Using the Windows 7 control strategy to completely kill the Trojan virus

Now, although we have a lot of anti-virus software options, but still encounter anti-virus software prompts that the killing was successful, but the virus file has not been deleted, still remain in The system is awesome. Xiaobian once used the wallet to pass a software but still poisoned the tragic lesson, so through long-term exploration finally found the windows7 control strategy, it can effectively isolate the virus, no longer run the virus, to achieve the purpose of safe operation of the system. This small series will demonstrate this method. Users who need it can use their own computer to move.
Specific method: In the first step, enter "ldpol.msc" in the "Search programs and files" box in the "Start" menu and press the Enter key. The second step, in the "local security policy" interface to find "application control strategy" in the "AppLocker" "executable rules", and "executable rules" in the "create a new rule" ”. In the third step, in the menu of right-clicking the blank area on the right side of the “Create New Rule” interface, select “Create new rule” and enter the new rule wizard. The fourth step, in the interface, select the "privacy" option, set its "action" set to "reject", "users or groups", select "for everything", you can let everyone Neither the system nor the system can run a restricted virus. Step 5: In the “Conditions” interface, we can limit the program operation by three types of conditions: “Publisher”, “Path”, “File Hash”. “Publisher” is judged based on digital signatures.

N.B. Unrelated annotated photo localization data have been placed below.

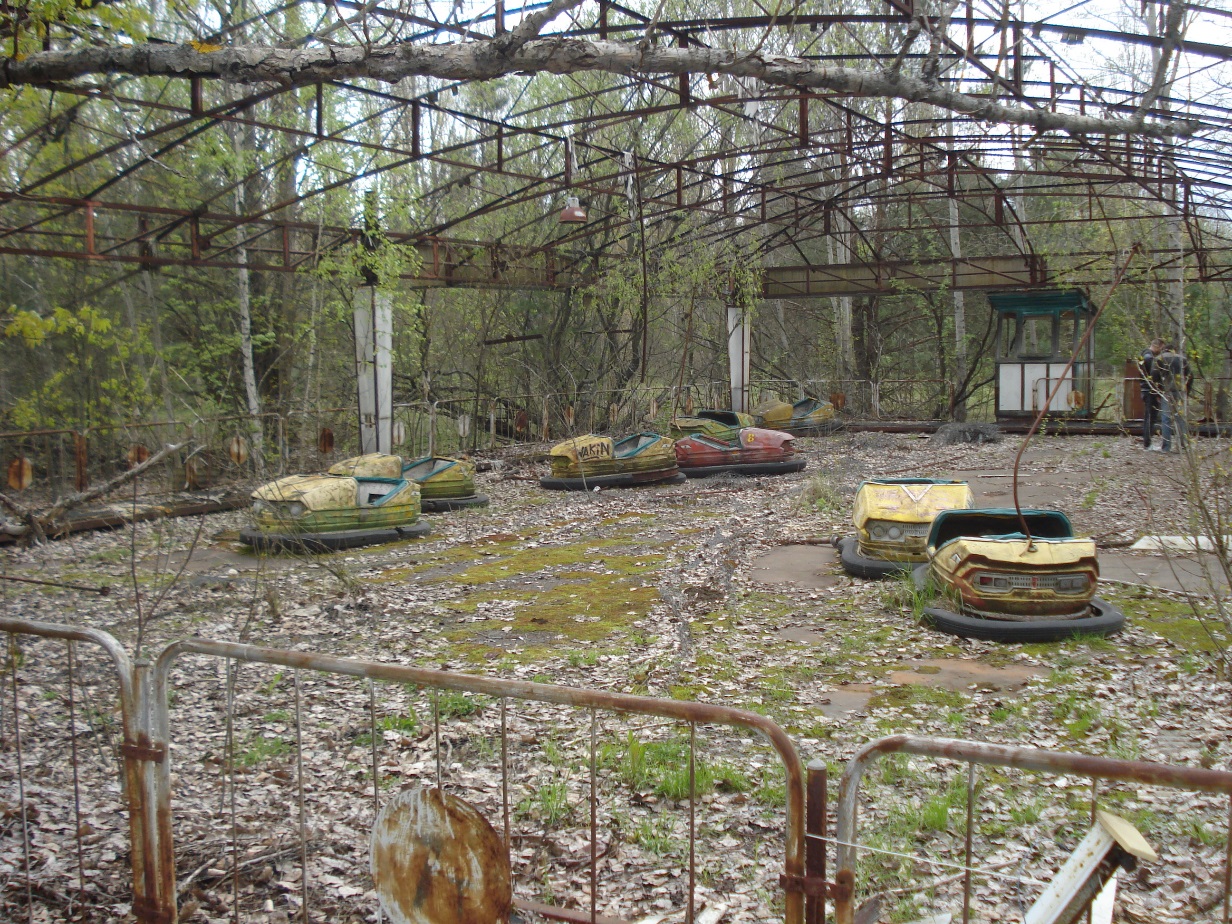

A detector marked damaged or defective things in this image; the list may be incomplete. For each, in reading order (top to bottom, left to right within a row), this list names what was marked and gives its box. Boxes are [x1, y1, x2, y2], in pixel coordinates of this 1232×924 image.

rusty metal canopy frame [0, 0, 1227, 296]
abandoned bumper car ride [241, 453, 433, 554]
abandoned bumper car ride [542, 433, 689, 492]
abandoned bumper car ride [670, 431, 803, 480]
abandoned bumper car ride [842, 478, 975, 579]
abandoned bumper car ride [916, 507, 1128, 645]
rusted metal railing [827, 739, 1232, 924]
rusty metal pipe [832, 739, 1232, 924]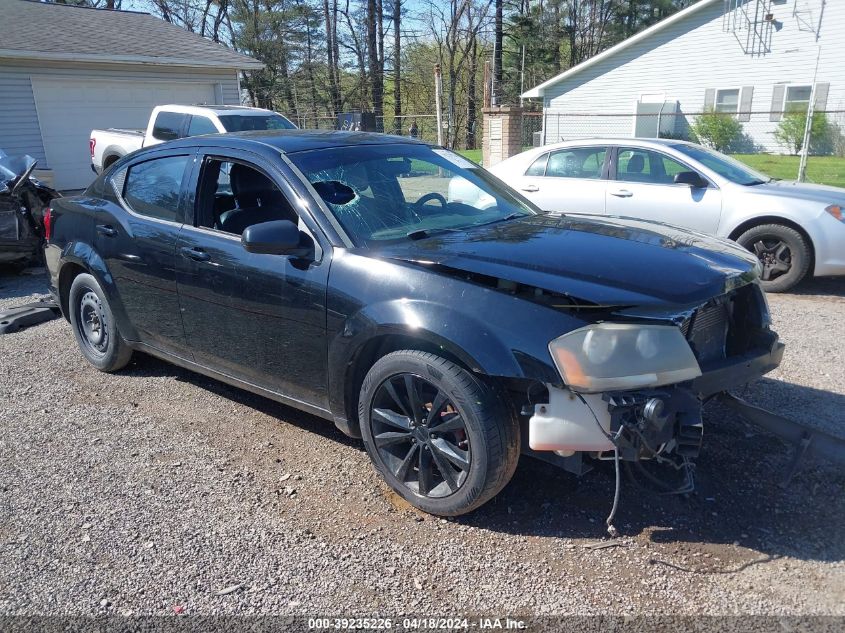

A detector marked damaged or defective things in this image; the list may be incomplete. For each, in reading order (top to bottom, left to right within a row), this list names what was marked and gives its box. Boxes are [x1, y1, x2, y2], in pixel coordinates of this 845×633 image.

cracked windshield [286, 143, 536, 244]
damaged hood [372, 214, 756, 308]
damaged front bumper [528, 340, 784, 470]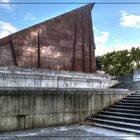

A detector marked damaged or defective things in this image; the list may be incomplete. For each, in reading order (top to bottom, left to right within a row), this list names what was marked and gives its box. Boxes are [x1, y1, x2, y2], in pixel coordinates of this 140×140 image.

rusted steel wall [0, 3, 96, 72]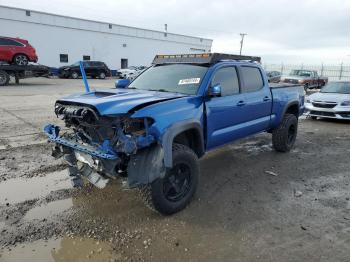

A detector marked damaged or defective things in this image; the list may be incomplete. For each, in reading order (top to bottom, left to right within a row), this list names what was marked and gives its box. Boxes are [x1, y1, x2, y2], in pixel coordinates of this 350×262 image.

front bumper damage [43, 123, 156, 188]
crumpled front end [44, 102, 156, 188]
damaged blue truck [45, 53, 304, 215]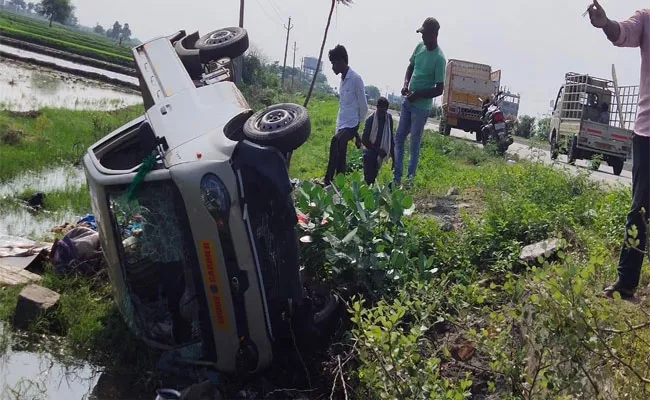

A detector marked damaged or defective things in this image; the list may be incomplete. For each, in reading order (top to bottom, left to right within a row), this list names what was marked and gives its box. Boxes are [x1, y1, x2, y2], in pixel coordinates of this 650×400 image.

Since viruses usually do not have digital signatures, this item is temporarily unavailable, but this is especially useful when limiting general software. “path” is to directly select the virus file or folder. And "file hash" can limit the virus by hash value, even if the virus copies a lot of copies to different places, it can be completely scrapped. Here we take the “path” restriction as an example. After entering the next step, we click on the “Browse Files” button to select the virus file, and then click the “Create” button. Step 6: Since we created the first rule, there will be a default rule creation prompt after completion. Click ““Yes” to allow the default rule to be created so that the set rules prevent the system file program from being restricted. . Postscript: The restriction rule of such a virus will take effect. You can double-click to run the virus and try to see the virus has been restricted to run. In addition, Xiaobian reminds everyone that if the AppLocker rule is invalid, you can type services.msc in the “Search Programs and Files” box in the “Start Menu” and press the Enter key to open “Services”. , then find the "Application Identity" service project, and set the startup type to "automatic", and then press "start" & rdquo;, the rule will take effect. In the choice of anti-virus software, Xiao Bian advises you to choose software that is updated more frequently, because the virus is also diverse, only the latest software can detect the latest virus.